The need for the RPA-plus-intelligent capture combo pack is not new. WorkFusion pioneered the space in 2014 with Smart Process Automation. Automation Anywhere launched IQBot in 2015 to complement its core RPA product. AntWorks entered the fold in 2015, leading with intelligent capture enabled by RPA. And Kofax, despite having RPA and capture under its product umbrella together since 2013, began promoting the integration in 2018. Despite the early combo impetus, it’s taken multiple years of RPA fits and starts to create a context for the value of combining these capabilities. It’s go time as enterprises start to move up the curve to intelligent automation in their quest for transformation (Exhibit 2).

 

 

Exhibit 2: The path to integrated automation

 

 

 

Source: HFS Research 2019

 

 

The benefits of being agnostic

 

As an evolving capture company with no in-house RPA toolset, ABBYY has done a great job of leveraging this agnosticism to forge partnerships with RPA software companies to enable tool integration.
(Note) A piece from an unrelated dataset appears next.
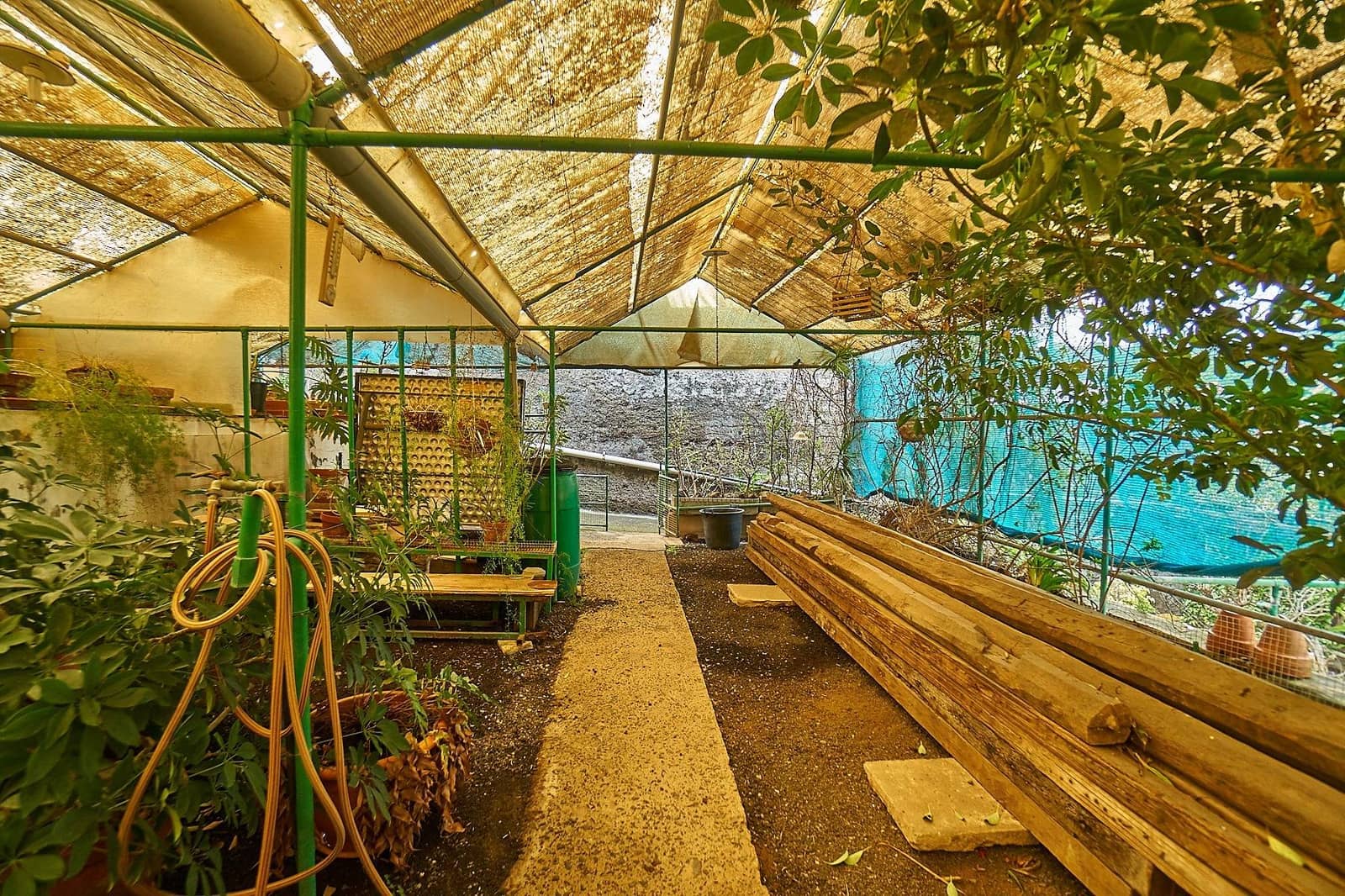 4 sypialnia Willa na sprzedaż w Santa Brigida - 500 000 € (Ref: 8570380)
UiPath is its biggest relationship, followed by Blue Prism. Even Automation Anywhere is a partner despite IQBot. It has additionally built numerous partnerships with specialized RPA services firms (e.g., Symphony, Accelirate, WonderBotz) and global consultancies and system integrators (e.g., the big four, Accenture, Capgemini). ABBYY is truly surfing the RPA wave; closing several hundred deals in 2019 alone related to RPA while retaining its identity as an intelligent capture specialist.

 

An opportunistic follower versus a proactive leader?

 

While ABBYY is doing a great job of surfing the RPA wave, it also needs to advance its product line to be more business-user friendly. To this extent, it launched its ABBYY Vantage product in April 2019, designed to bring easy-to-use capture and cognitive capabilities, which it calls “content IQ skills,” to enterprise automation teams. As reported at its Content IQ Summit, it has its first Vantage customer and a growing pipeline. Vantage is designed to be integrated and consumed by a host application like RPA.

 

RPA has been a godsend for ABBYY. However, the reliance on RPA puts it in the slightly uncomfortable position of being a contingent supporting player. It’s not the lead solution like it was in its pure capture past. In its boldest move yet, ABBYY decided to acquire TimelinePI, a process intelligence company, to help mitigate this. The Timeline proposition, now being touted as Process IQ, is to help enterprises address process change with baseline process understanding obtained through process mining. It’s an interesting new tip of the spear potential for ABBYY. Process IQ could put it in a position to lead engagements as enterprises realize that they need to understand their “as is” processes to unlock the full potential of automation through process improvement and process reinvention as well as the thus far largely ignored post-automation process monitoring. But being a proactive market leader will be its biggest challenge yet as it strives to move from its current approach of providing “Content IQ” to its 2020 vision of delivering “Digital IQ,” the value-based intersection of content and process.

 

The Bottom Line: A Triple-A Trifecta approach to automation yields greater dividends than piecemeal tools alone.

 

It’s common sense, right? In the history of technology-enabled change, no single tool has ever driven transformation by itself. It takes a toolbox approach plus a gigantic helping of people and process change, as depicted in Exhibit 2. RPA plus intelligent capture is the most tangible example of emerging Triple-A Trifecta combos. Despite not being new, it is finally being recognized and adopted. ABBYY’s role as an RPA-agnostic intelligent capture specialist is helping push this combo pack forward. While HFS sees loads of potential for the broader process mining market as a valuable complement to process automation, the jury’s still out on ABBYY’s evolving play here.